On n'a pas idée de venir auprès de Dieu et lui
parler pendant de longues minutes. La langue pidgin suffisamment jugée
en marge des langues est reprise par le sujet priant pour montrer et exprimer
son drame et sa consternation. Parce que la langue est pour l'homme,
Mieux que toute autre, qui lui permet d'interroger
le milieu et de le comprendre, d'acquérir rapidement les connaissances
indispensables à son développement harmonieux et à sa
participation effective à la vie de la société (R.
Renard).
Elle lui permet de véhiculer les paroles, les
affections, les sentiments et surtout le degré d'implication dans l'acte
de la prière.
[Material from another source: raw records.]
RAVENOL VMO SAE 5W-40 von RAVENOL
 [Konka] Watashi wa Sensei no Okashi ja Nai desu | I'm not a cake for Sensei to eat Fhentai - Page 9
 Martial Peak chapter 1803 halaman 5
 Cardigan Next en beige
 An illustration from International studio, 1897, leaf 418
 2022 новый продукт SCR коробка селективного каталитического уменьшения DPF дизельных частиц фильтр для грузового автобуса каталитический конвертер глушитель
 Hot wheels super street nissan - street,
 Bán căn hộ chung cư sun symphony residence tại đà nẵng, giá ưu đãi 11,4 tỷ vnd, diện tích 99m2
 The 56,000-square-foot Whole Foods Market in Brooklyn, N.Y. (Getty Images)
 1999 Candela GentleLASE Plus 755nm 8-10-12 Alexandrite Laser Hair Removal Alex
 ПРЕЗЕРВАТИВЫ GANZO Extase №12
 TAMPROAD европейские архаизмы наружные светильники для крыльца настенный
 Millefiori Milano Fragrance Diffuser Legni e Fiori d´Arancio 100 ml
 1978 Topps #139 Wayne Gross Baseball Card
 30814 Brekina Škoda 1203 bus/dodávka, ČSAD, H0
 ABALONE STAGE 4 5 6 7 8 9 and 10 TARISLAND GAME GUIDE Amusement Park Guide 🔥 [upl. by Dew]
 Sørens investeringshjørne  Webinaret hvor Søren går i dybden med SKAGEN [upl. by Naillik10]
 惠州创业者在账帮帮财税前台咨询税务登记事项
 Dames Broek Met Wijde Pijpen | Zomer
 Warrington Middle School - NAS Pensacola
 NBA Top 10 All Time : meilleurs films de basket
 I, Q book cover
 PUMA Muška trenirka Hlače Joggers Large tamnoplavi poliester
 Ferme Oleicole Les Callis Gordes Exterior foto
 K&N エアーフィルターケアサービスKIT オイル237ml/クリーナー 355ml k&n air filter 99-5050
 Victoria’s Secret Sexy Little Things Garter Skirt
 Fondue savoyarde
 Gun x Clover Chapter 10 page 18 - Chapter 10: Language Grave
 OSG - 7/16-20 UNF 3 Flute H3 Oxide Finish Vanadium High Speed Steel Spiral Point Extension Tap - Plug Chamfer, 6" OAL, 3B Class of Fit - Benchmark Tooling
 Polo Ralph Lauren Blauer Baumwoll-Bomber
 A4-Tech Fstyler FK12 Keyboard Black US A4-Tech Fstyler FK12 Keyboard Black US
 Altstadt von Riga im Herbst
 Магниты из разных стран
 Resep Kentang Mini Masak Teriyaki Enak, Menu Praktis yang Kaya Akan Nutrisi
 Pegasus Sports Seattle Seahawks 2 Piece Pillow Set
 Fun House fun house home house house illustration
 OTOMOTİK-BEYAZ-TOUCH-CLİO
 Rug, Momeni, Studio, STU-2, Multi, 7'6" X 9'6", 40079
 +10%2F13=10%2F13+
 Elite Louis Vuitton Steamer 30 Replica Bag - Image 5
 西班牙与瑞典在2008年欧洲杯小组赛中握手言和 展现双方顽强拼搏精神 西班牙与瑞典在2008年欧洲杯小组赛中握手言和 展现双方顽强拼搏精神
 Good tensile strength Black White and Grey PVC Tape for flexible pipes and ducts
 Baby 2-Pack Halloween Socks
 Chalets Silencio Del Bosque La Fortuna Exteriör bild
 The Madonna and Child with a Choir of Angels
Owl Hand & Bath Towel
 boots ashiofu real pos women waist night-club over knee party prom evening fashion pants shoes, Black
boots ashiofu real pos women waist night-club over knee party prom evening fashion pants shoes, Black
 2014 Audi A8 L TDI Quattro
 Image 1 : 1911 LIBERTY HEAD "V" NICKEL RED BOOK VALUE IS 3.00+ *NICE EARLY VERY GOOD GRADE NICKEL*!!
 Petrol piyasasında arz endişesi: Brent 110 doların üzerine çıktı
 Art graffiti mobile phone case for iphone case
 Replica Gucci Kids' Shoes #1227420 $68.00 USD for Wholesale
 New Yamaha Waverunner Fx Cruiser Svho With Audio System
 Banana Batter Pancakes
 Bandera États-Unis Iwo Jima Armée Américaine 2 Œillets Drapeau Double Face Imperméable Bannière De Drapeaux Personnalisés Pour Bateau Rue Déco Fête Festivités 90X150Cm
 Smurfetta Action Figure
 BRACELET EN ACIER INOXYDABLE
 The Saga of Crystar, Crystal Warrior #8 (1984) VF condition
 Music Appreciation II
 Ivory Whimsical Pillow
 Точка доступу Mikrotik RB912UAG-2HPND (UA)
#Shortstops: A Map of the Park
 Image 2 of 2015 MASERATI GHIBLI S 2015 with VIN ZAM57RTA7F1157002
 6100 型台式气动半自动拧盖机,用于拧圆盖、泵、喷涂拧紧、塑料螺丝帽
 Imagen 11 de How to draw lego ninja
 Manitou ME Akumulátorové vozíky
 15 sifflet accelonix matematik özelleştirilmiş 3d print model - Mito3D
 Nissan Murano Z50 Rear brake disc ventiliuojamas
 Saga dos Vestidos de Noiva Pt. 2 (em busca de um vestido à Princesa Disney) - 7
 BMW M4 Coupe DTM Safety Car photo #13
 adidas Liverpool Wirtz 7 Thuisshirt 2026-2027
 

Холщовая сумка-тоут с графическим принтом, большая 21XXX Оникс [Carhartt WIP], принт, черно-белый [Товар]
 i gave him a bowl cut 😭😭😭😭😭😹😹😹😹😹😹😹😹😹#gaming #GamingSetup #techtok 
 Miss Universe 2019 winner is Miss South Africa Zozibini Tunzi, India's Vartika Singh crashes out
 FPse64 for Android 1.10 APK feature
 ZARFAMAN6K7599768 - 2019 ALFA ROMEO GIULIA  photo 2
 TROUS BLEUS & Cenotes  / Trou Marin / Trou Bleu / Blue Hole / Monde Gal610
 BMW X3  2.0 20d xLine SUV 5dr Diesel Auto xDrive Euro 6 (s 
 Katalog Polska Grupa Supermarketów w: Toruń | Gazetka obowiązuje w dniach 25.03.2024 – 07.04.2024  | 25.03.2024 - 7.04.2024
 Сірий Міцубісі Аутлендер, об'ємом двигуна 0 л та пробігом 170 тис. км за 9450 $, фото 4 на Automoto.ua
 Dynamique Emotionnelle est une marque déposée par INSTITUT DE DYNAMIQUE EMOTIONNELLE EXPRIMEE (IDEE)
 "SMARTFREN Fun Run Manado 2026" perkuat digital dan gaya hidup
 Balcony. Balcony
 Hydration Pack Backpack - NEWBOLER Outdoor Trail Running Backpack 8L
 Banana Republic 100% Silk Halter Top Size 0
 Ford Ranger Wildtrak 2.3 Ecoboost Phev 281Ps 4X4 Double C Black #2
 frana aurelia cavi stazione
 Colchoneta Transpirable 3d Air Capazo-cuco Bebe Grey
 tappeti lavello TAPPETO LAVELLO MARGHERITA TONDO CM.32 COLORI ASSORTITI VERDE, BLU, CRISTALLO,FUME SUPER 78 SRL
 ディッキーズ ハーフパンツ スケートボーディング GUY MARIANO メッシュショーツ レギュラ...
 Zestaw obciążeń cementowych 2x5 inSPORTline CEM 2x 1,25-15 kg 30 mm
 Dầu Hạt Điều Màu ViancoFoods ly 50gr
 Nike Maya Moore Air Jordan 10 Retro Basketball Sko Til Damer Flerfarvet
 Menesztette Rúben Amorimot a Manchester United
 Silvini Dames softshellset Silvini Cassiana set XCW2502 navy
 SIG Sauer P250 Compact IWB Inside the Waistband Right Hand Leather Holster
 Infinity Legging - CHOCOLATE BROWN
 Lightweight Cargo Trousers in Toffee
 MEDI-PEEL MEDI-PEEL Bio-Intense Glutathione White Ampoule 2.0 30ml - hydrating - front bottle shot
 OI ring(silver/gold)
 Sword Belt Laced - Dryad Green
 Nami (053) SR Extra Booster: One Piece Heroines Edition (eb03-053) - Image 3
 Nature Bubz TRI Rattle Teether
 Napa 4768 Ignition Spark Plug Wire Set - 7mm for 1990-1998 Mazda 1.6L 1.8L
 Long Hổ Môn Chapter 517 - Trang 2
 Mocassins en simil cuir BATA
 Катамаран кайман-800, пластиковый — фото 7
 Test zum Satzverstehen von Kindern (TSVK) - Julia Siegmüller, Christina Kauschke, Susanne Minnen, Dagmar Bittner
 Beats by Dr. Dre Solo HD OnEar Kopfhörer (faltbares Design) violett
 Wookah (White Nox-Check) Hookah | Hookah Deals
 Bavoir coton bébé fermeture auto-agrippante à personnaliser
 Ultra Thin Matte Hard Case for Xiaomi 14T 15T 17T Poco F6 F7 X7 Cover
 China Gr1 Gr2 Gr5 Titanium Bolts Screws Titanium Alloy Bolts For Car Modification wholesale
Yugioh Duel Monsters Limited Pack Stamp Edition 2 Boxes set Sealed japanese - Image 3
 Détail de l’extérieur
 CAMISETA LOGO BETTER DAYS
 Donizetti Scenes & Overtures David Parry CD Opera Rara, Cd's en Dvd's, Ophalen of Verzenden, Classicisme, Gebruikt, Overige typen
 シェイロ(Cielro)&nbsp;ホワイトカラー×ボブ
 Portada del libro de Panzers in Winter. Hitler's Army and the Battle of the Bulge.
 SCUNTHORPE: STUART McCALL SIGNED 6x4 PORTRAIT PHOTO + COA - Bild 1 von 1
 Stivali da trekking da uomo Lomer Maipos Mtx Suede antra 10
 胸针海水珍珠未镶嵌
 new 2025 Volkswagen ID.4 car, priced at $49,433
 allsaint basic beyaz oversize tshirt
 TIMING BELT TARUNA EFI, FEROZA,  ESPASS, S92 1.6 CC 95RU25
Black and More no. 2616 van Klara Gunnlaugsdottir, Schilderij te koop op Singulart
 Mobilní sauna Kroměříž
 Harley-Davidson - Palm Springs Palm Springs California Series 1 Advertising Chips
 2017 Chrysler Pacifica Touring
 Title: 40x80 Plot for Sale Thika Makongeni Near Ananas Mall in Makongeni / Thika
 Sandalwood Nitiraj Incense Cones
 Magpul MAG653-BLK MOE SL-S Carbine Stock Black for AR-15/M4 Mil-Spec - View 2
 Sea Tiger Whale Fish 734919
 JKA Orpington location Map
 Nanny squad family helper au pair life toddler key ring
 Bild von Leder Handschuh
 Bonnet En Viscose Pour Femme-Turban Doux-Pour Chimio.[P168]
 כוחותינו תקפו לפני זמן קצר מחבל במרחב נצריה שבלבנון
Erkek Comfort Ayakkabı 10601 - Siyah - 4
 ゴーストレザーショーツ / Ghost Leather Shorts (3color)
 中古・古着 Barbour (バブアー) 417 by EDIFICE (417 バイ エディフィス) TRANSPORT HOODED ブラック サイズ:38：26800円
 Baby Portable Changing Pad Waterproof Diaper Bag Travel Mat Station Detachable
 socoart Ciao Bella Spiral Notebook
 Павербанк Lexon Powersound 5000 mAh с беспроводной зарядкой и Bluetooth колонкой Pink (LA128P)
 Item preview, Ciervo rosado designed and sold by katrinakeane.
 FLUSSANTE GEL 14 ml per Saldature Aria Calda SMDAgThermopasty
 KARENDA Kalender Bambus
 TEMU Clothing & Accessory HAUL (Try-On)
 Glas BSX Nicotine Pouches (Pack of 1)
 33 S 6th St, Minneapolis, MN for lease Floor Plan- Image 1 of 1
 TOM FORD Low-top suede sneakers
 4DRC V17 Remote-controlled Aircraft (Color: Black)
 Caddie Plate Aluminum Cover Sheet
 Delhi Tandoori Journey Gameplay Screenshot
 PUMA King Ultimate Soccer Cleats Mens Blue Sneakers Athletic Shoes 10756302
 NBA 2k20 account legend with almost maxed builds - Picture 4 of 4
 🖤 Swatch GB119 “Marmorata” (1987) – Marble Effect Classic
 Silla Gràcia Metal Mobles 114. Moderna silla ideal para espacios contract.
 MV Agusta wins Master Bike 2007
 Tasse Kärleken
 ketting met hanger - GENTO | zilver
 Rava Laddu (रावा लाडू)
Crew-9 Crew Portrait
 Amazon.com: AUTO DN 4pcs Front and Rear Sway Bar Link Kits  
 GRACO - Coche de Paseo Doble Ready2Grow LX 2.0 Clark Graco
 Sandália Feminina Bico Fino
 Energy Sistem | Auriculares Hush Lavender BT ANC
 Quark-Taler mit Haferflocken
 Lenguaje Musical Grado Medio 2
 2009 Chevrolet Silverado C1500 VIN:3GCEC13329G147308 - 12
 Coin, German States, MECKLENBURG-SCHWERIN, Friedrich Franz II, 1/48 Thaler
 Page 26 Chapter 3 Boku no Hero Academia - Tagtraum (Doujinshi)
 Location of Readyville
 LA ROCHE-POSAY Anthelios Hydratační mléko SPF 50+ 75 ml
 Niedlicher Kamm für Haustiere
Le pidgin devient le canal au moyen et au travers duquel
se module la vie des sujets qui le parlent : il devient un
archétype de leurs réalités, de leurs
représentations et de leur vécu.
Le vécu divers, inclut les hommes dans une
perspective double. Dans la vie ordinaire, le folklore et le profane organisent
et structurent les actes humains. Cependant, à des conditions
particulières, exceptionnelles, la vie demande ou requiert des hommes
une participation du sacré pour le rétablissement des
équilibres et aussi, pour des cas regrettables, une
désorganisation des harmonies.
Ces actes qui organisent à plus d'un titre
la réalité du monde, ne sont en réalité que la vie
de l'Afrique, du camerounais dans sa forme nue. Dans cette vie en effet, le
physique, le réel expliquent ou présupposent le
métaphysique, l'irréel ou l'imaginaire. La présupposition
est dans un certain cas l'harmonie et l'équilibre du monde.
En somme, il était question de montrer dans cette
partie que les textes oraux en pidgin renferment des éléments de
littérature qui pourraient s'adapter à toutes les méthodes
d'analyse textuelle conventionnelle. Cette littérature se manifesterait
aussi bien dans les différents genres sacrés que profanes.